Dataset excerpts
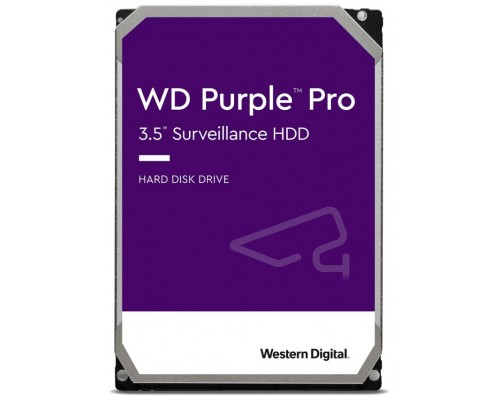 Western Digital Purple Pro 3.5" 14000 GB Serial ATA III (Espera 4 dias)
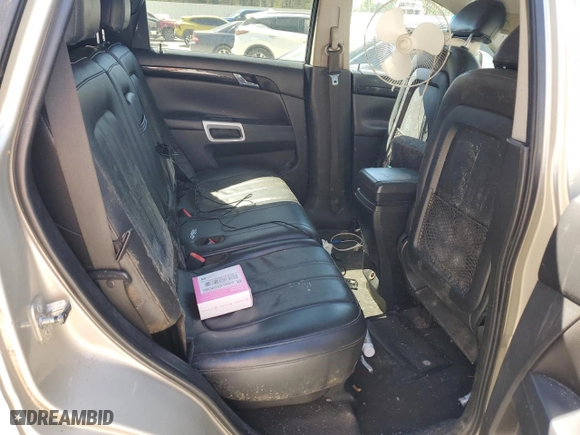 2014 Chevrolet Captiva Sport Fleet LTZ with VIN 3GNAL4EK0ES546480, listed as a Copart auction lot 49351045 with NaN miles and Clean Title. Bid and sale history available at carsss.com. Image 11.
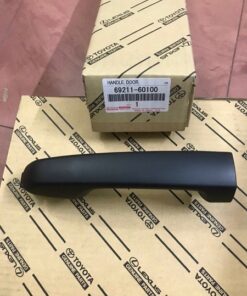 TAY MỞ CỬA NGOÀI TOYOTA LAND CRUISER 2013-2017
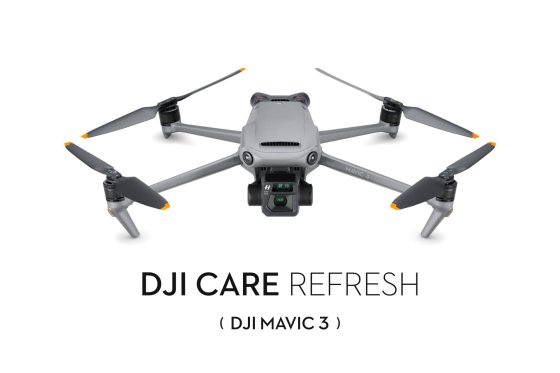 DJI Care Refresh (Mavic 3) 1letý plán – elektronická verze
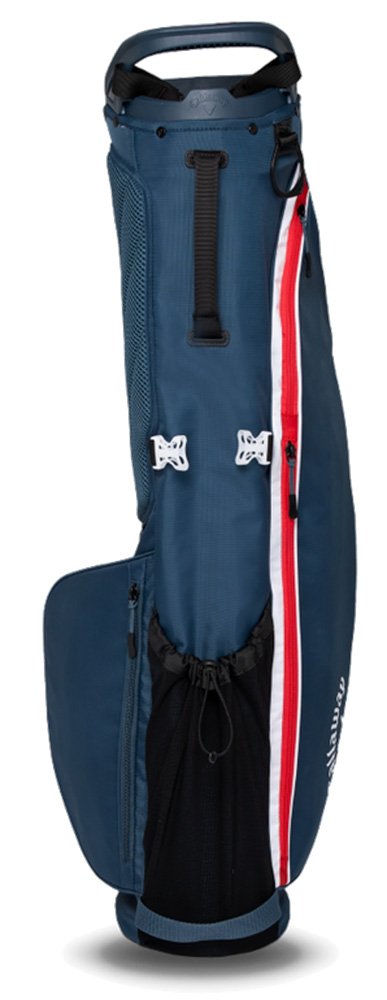 Callaway Carry Plus pencil bag navy white red 2025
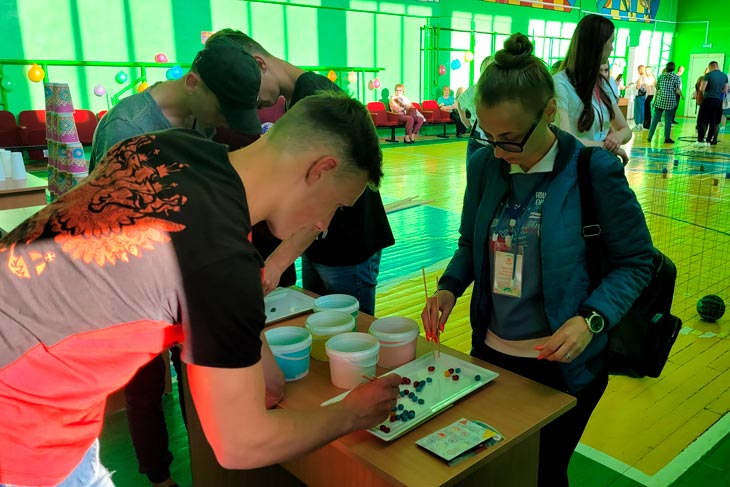 Областной этап WorldSkills 2022 завершен. Среди победителей – учащиеся Кобринского политехнического колледжа (фоторепортаж)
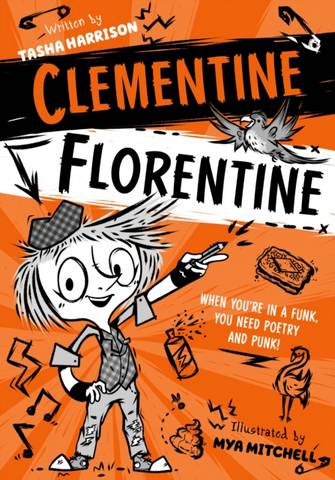 Clementine Florentine 1 Clementine Florentine - Tasha Harrison - 9781912979714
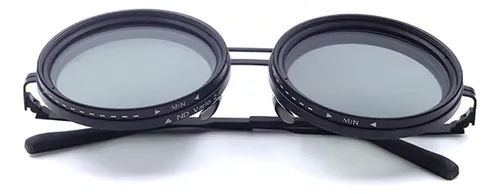 Gafas De Sol Con Atenuación Ajustable Uv400 Para Viajes Al A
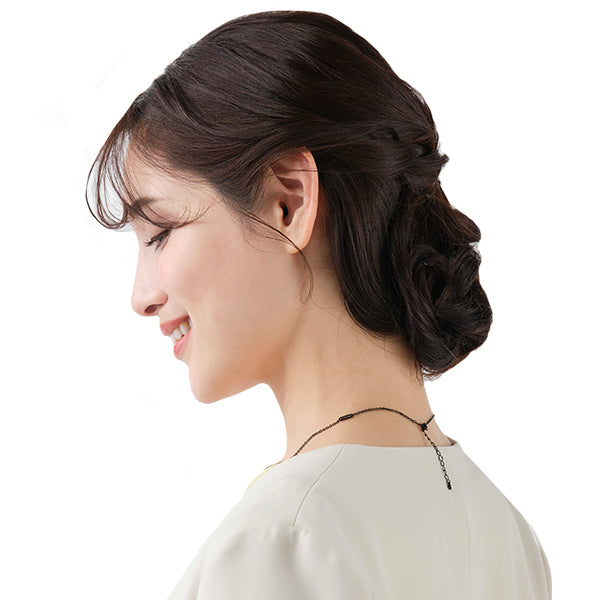 Titanium Slim Chain Necklace Basic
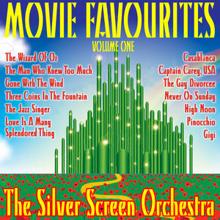 The Silver Screen Orchestra: Movie Favourites, Vol. 1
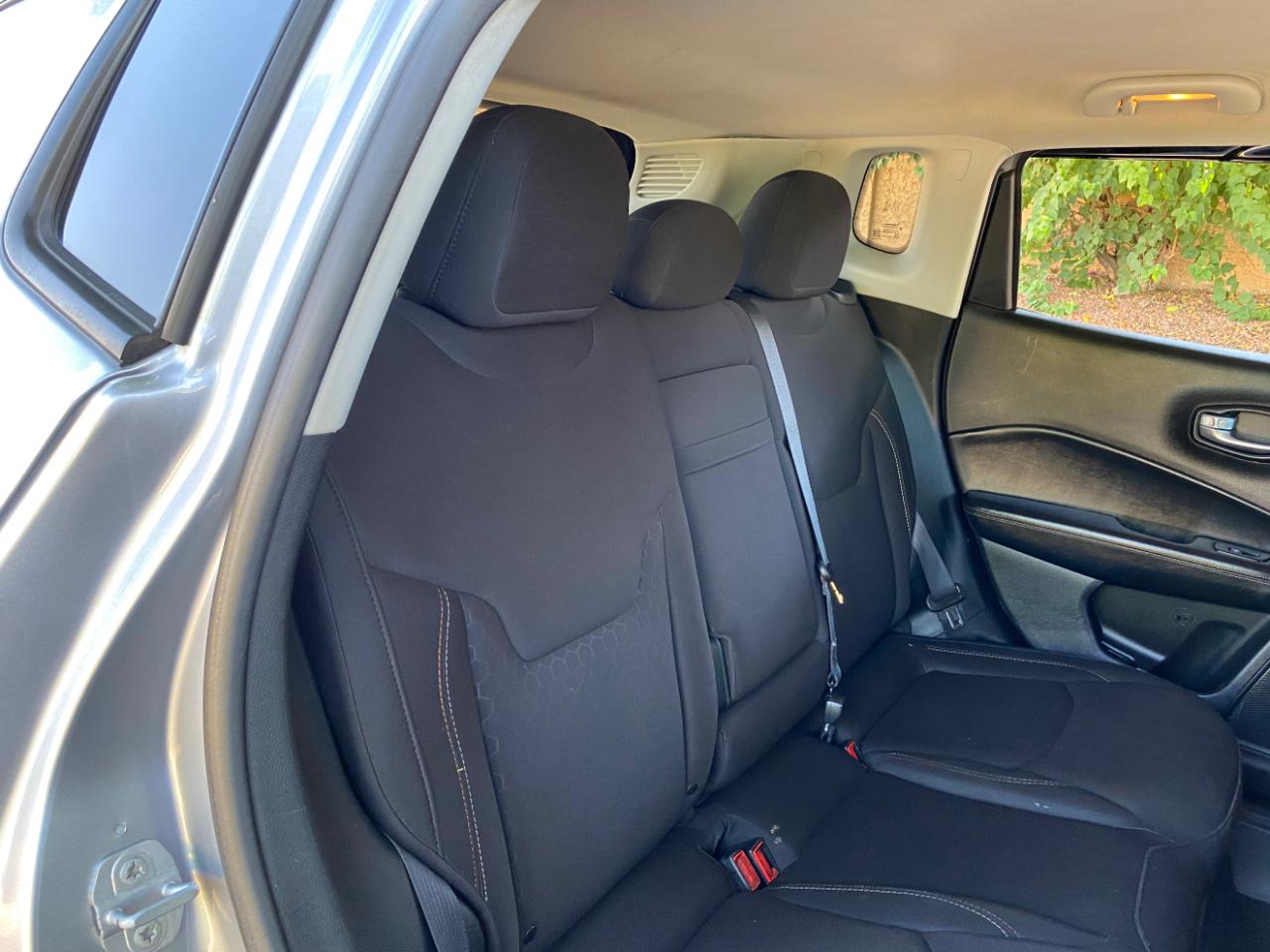 Jeep Compass Sport FWD 2018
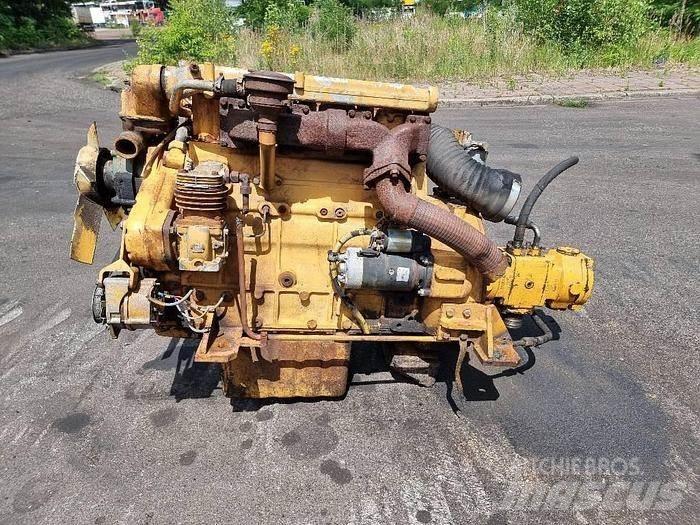 Liebherr D 904 N A Транспорт - Други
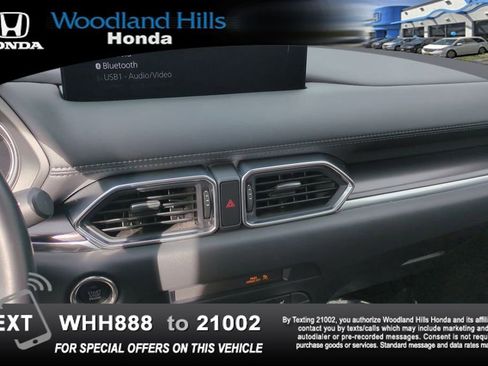 Used 2023 MAZDA CX-5 Carbon Edition AWD/4WD image 15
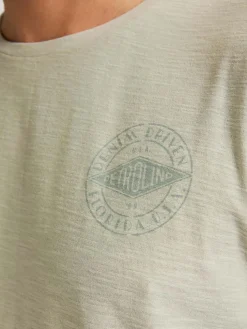 T-shirt Groen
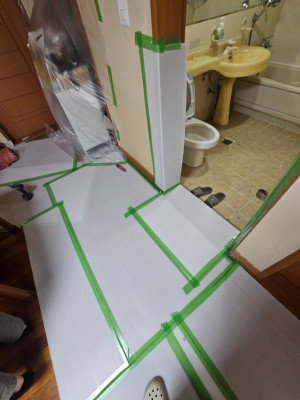 부산동구욕실공사 제대로 하는 곳? 제이에스타일 시공 후기 공개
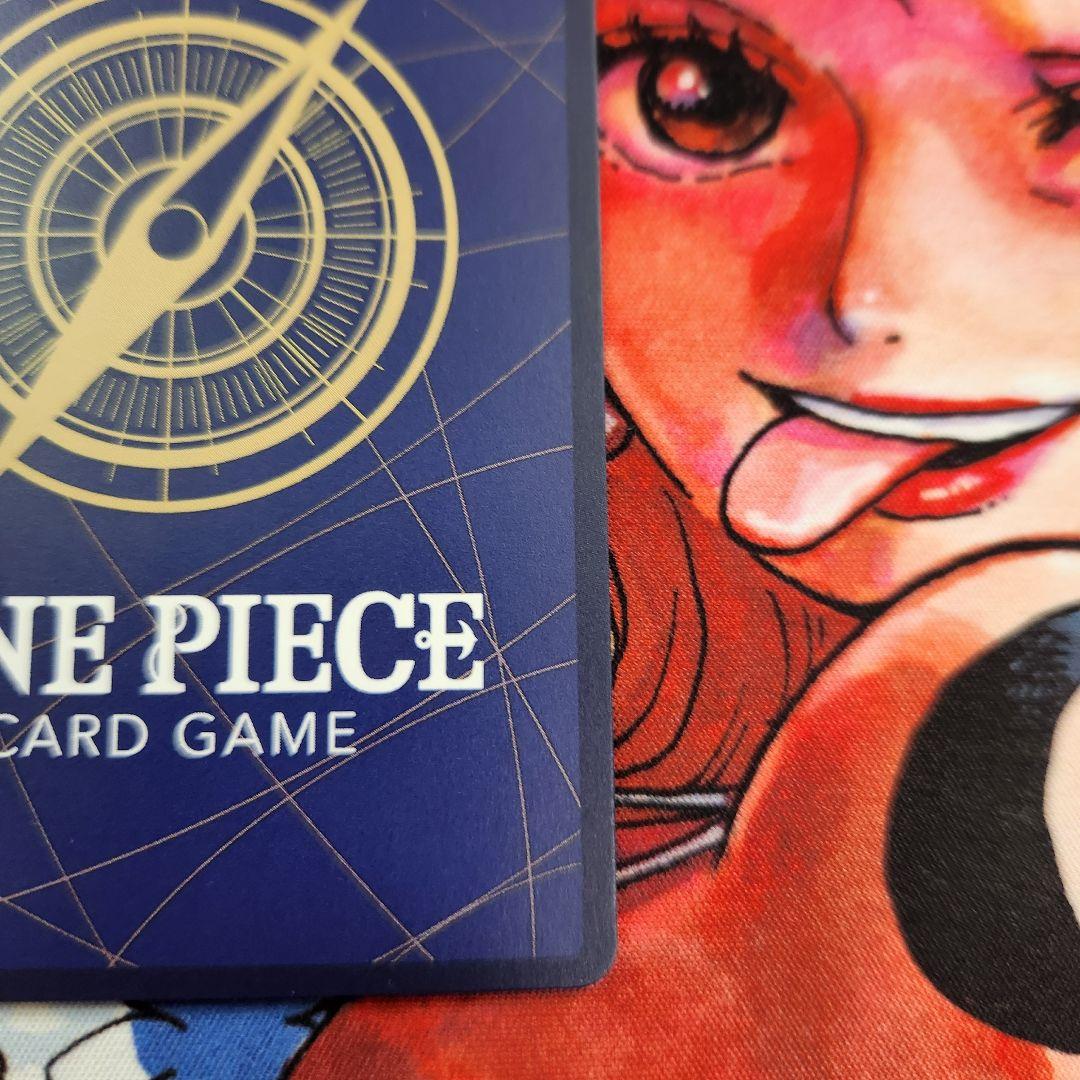 ワンピースカード ジュラキュール・ミホーク SP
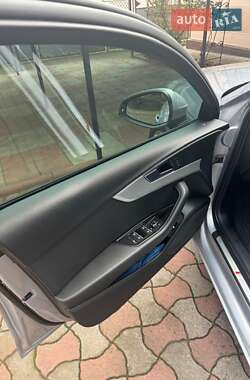 Универсал Audi A4 2017 в Черновцах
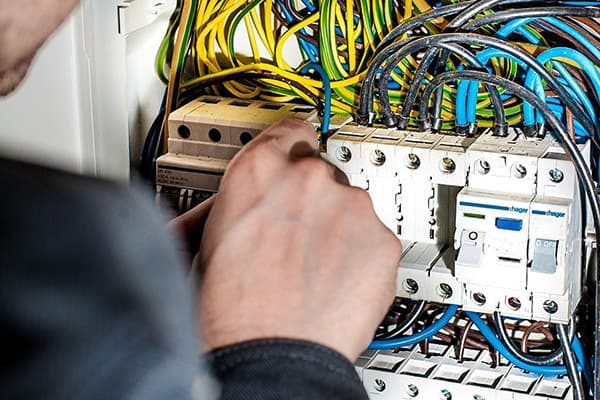 elektriker esbjerg el-installatør eltavle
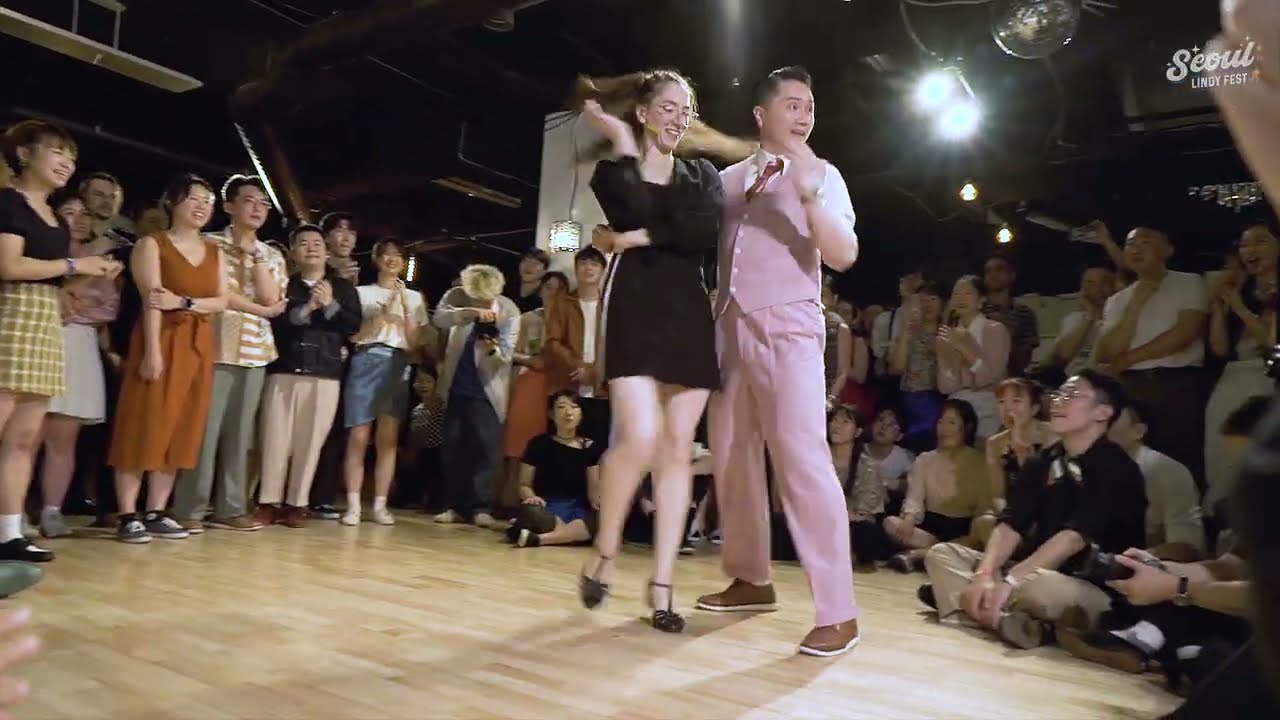 Seoul Lindy Fest 2025 - Thursday Night Jam Circle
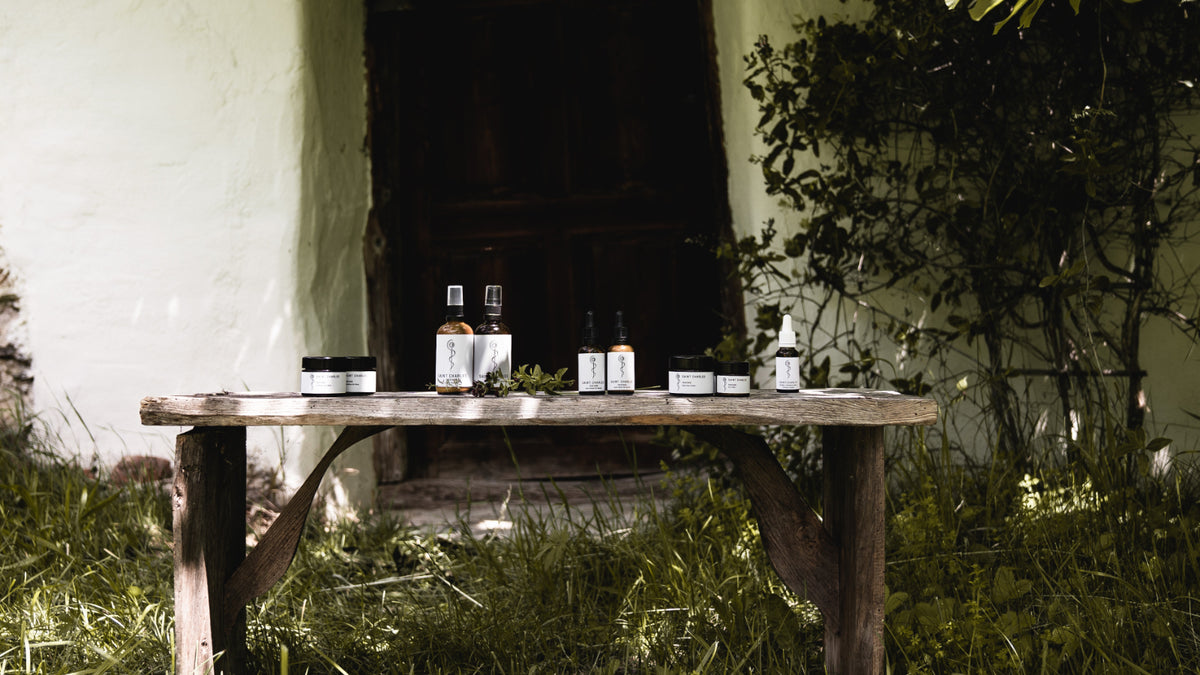 Natural Cosmetics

Requirement => Once the pictures are removed, return the entries exactly as they stand.

Final answer =>
 Western Digital Purple Pro 3.5" 14000 GB Serial ATA III (Espera 4 dias)
 2014 Chevrolet Captiva Sport Fleet LTZ with VIN 3GNAL4EK0ES546480, listed as a Copart auction lot 49351045 with NaN miles and Clean Title. Bid and sale history available at carsss.com. Image 11.
 TAY MỞ CỬA NGOÀI TOYOTA LAND CRUISER 2013-2017
 DJI Care Refresh (Mavic 3) 1letý plán – elektronická verze
 Callaway Carry Plus pencil bag navy white red 2025
 Областной этап WorldSkills 2022 завершен. Среди победителей – учащиеся Кобринского политехнического колледжа (фоторепортаж)
 Clementine Florentine 1 Clementine Florentine - Tasha Harrison - 9781912979714
 Gafas De Sol Con Atenuación Ajustable Uv400 Para Viajes Al A
 Titanium Slim Chain Necklace Basic
 The Silver Screen Orchestra: Movie Favourites, Vol. 1
 Jeep Compass Sport FWD 2018
 Liebherr D 904 N A Транспорт - Други
 Used 2023 MAZDA CX-5 Carbon Edition AWD/4WD image 15
 T-shirt Groen
 부산동구욕실공사 제대로 하는 곳? 제이에스타일 시공 후기 공개
 ワンピースカード ジュラキュール・ミホーク SP
 Универсал Audi A4 2017 в Черновцах
 elektriker esbjerg el-installatør eltavle
 Seoul Lindy Fest 2025 - Thursday Night Jam Circle
 Natural Cosmetics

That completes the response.